So when I went to Yoshinoya at Nanjing Lu in Shanghai, I decided not to speak at all. Just use sign language. I pointed to the chawan mushi and showed him two fingers. Then my mom wanted to order a bottle of mineral water. There was one bottle on the cash machine, but I wasn't too sure if it was water.
Steffi: Are you sure or not, that is water?
Mom: Yes ler..
Lady staff standing beside cashier: Yes, yes water.
Steffi: (relieved) Ok, I'll have one (shows one finger) please.
And then at the bookstore. HUGE ONE. We both looked around like lost lambs.
Mom: Where's the postcard?
Steffi: Definitely not on this floor.
Staff standing nearby: (in clear English) The postcard is located at the next floor over there. (points upstairs, to the left)
Steffi: Ah, thank you.
Steffi to mom: See, I guess people who work at the bookstore can speak better English.
Another well mannered lady.

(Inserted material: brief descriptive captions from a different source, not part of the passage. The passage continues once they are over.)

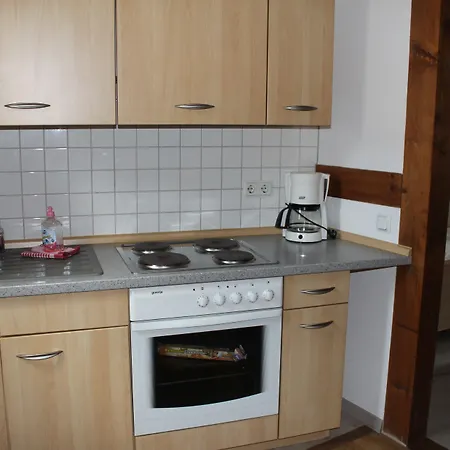 Alter Topf Apartment Quedlinburg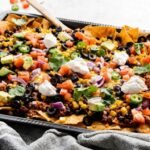 Ultimate Loaded Sheet Pan Nachos (Easy 30-Minute Party Appetizer)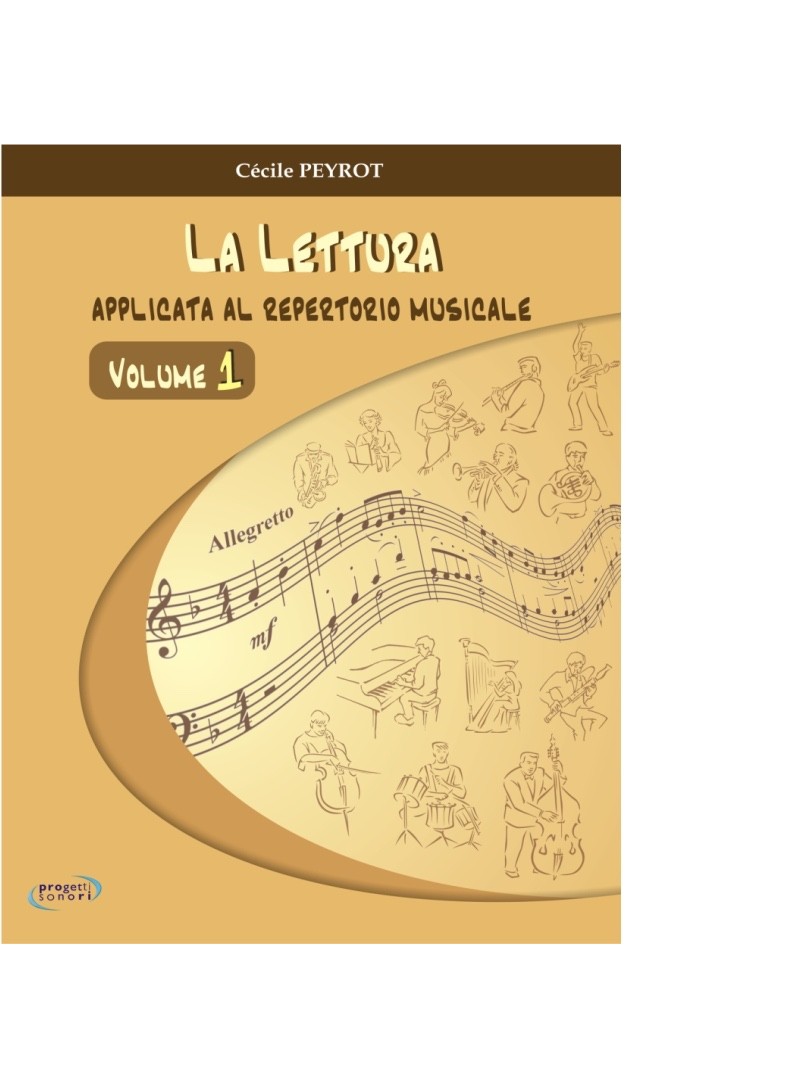 La lettura applicata al repertorio vol 1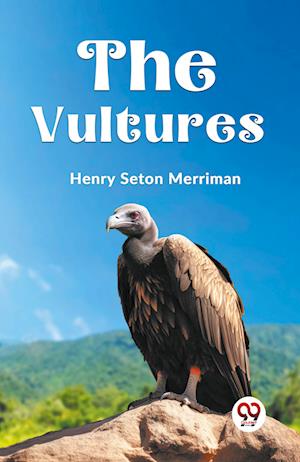 Cover for Seton Merriman Henry · The Vultures (Edition2023) (Paperback Book) (2023)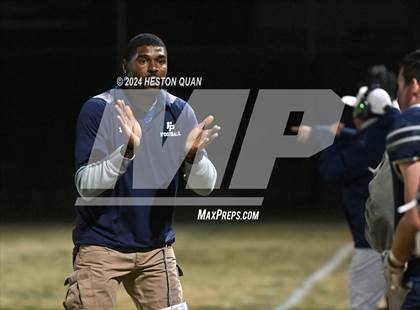 Thumbnail 1 in California School for the Deaf-Riverside @ Flintridge Prep (CIF-SS D1 8-Man Final) photogallery.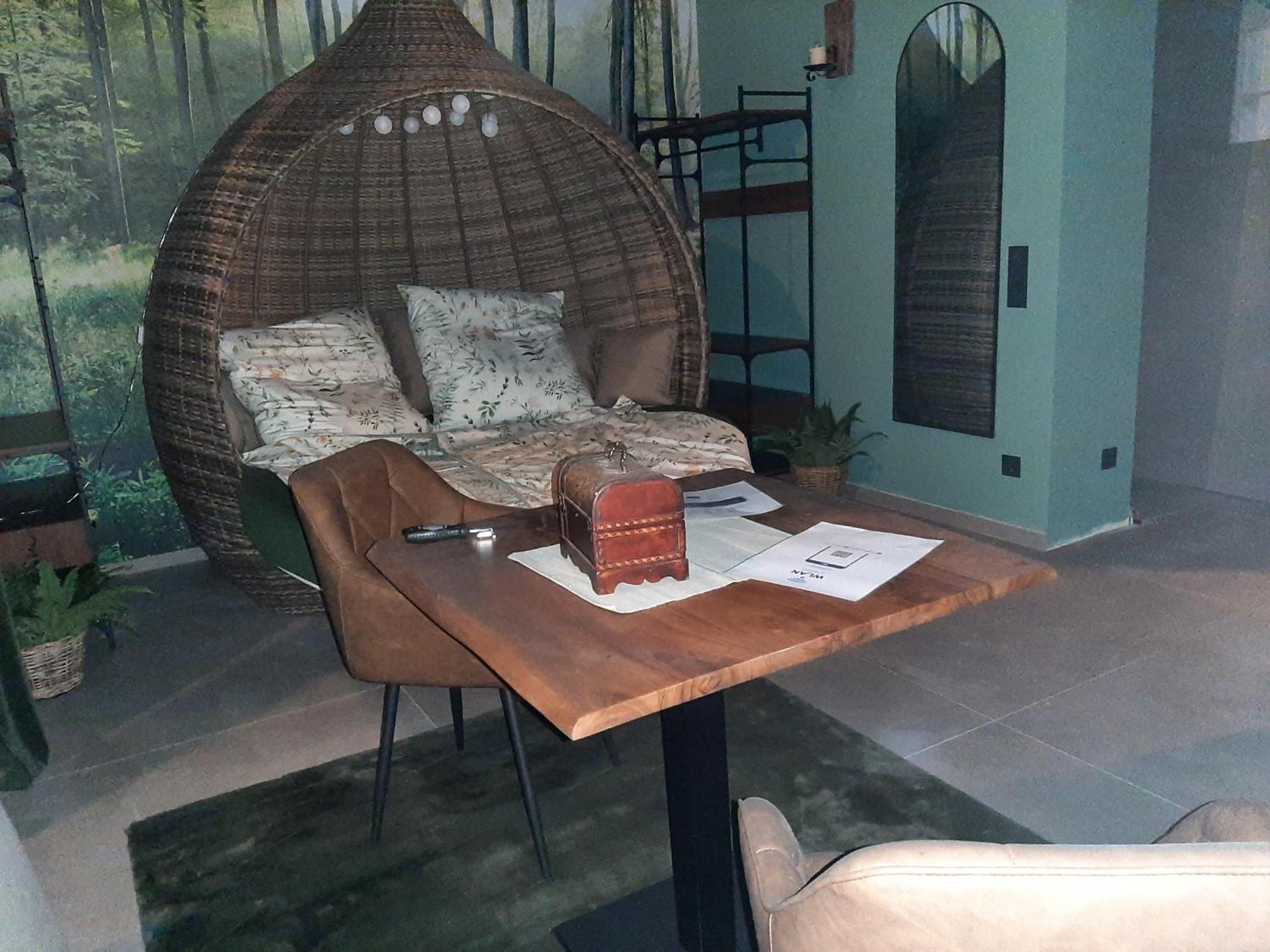 Ferienwohnungen Und Zimmer Hof Holtmann Munster  Pokoj fotografie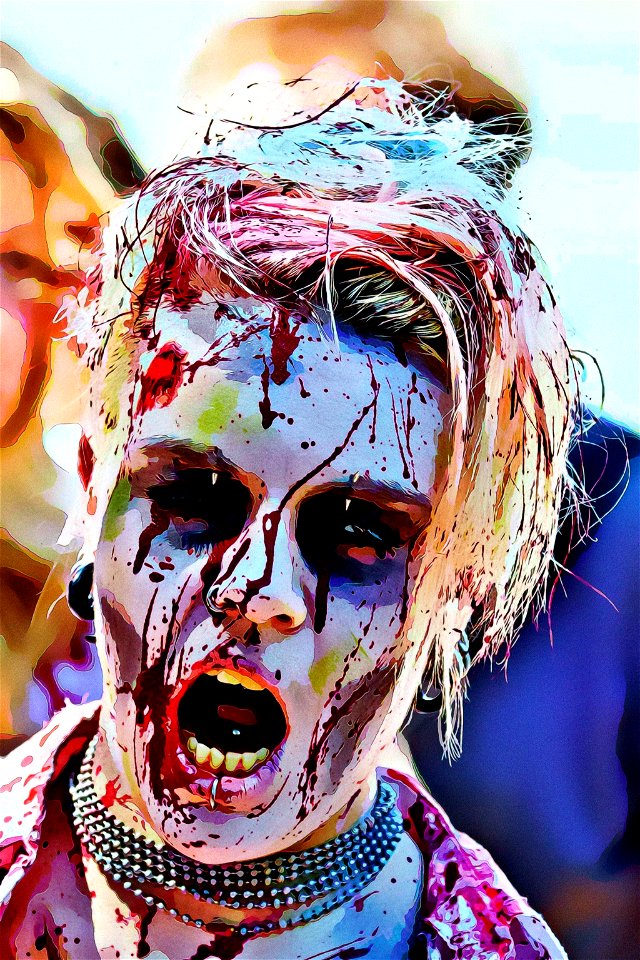 Halloween Zombies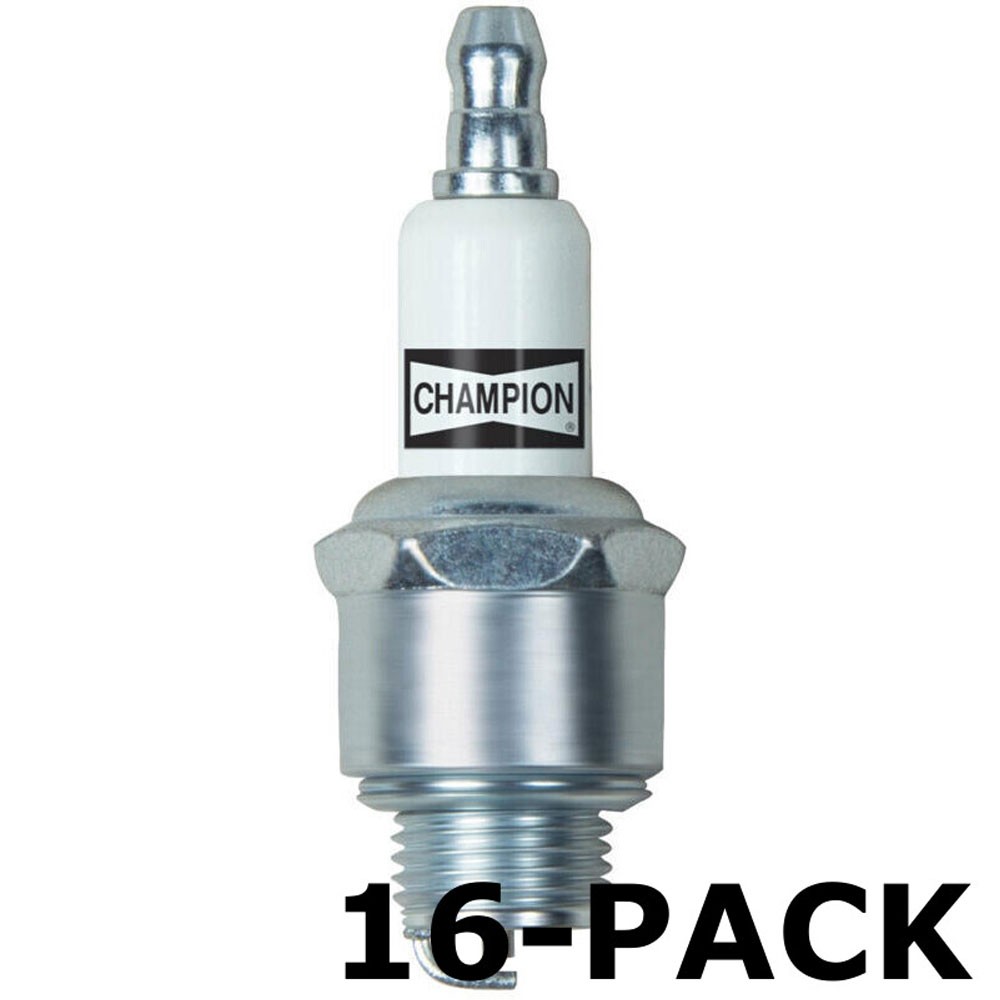 Champion Spark Plug 861-1 16pk Copper Plus Small Engine 14mm .375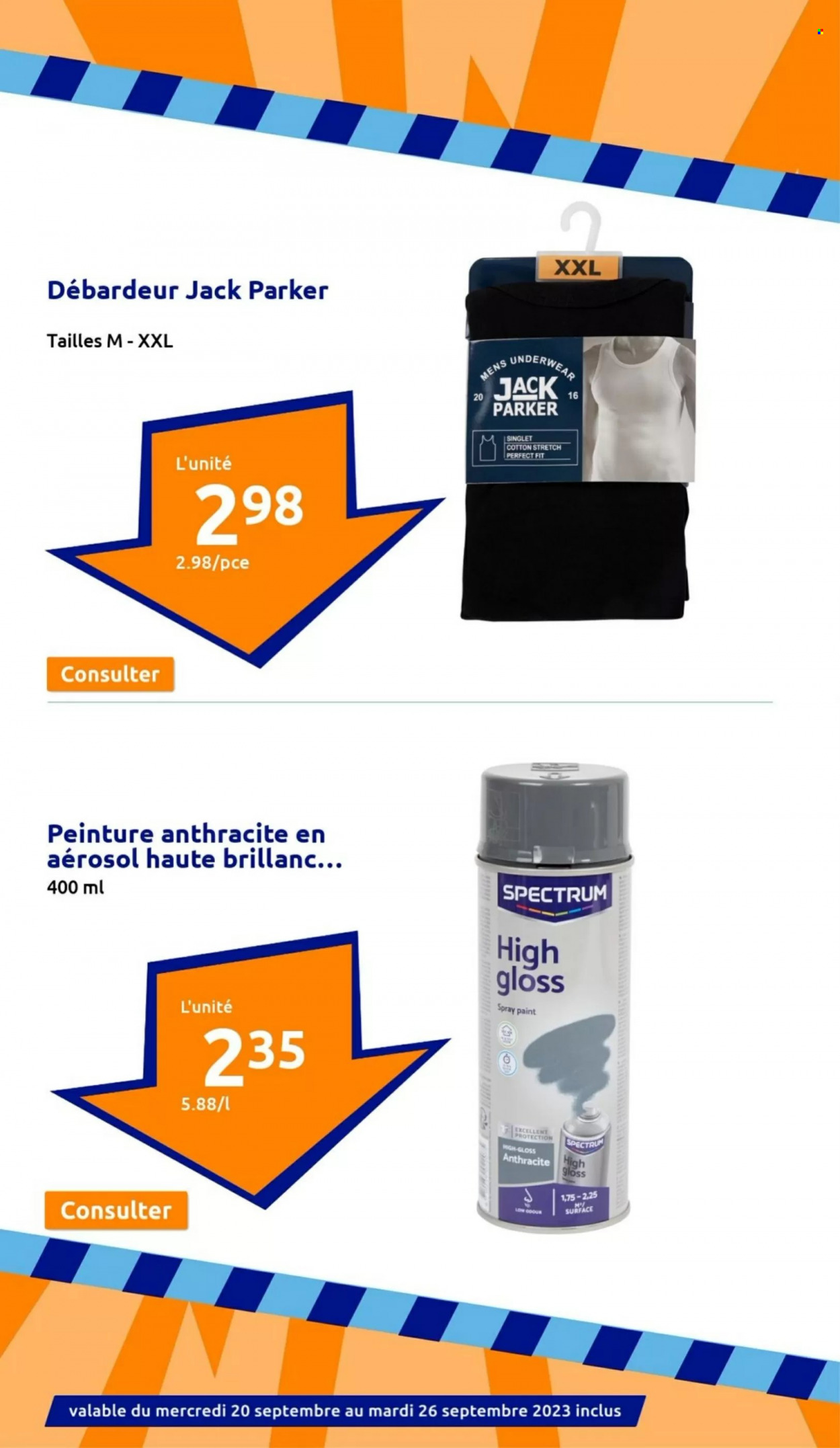 Catalogue Action - 20/09/2023 - 26/09/2023. Page 10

Much appreciated. :D Then we wanted to look for KEYCHAINS.
Mom to another staff: Do you have keychains here?
Staff: *looks confused* Ha?
Mom tried again, without much success.
Steffi: Wait, I've got an idea. (takes out her keychain and dangles it in front of lady)
Steffi: Zhe ge. Key chain. (makes a circle motion around the keychain) Ni you zhe ge ma?
Lady: (After much frowning, she finally got our message). Oh, mei you.
Steffi: Ah, ok. Xie xie.
Steffi to mom: Uh, looks like not all of them can speak as well as the first one.
Another incident was at the first hotel I stayed at in Hangzhou. I left a bag behind in the hotel's restaurant and only realized it while walking out of the hotel. So I dashed back in without my mother and was immediately dismayed when I realized that I would most likely have problems communicating with the waiters/waitresses there. Nevertheless, I cheered myself on as I approached the waitress and attempt to speak to her.
Steffi: Qing wen, ni you kan dao wo de...paper bag ma? Zai ze pian (points to empty spot on the floor)*Excuse me, did you see my paper bag? Over there*
Waitress: (has problem understanding the word "paper bag". started talking to another waiter)pili pala sok sek
Waiter: pili pala pot pet
Waitress: yada yada bla bla (trying to explain to Steffi. This doesn't look good)
Steffi: uh...paper bag wor...(tries to use sign language)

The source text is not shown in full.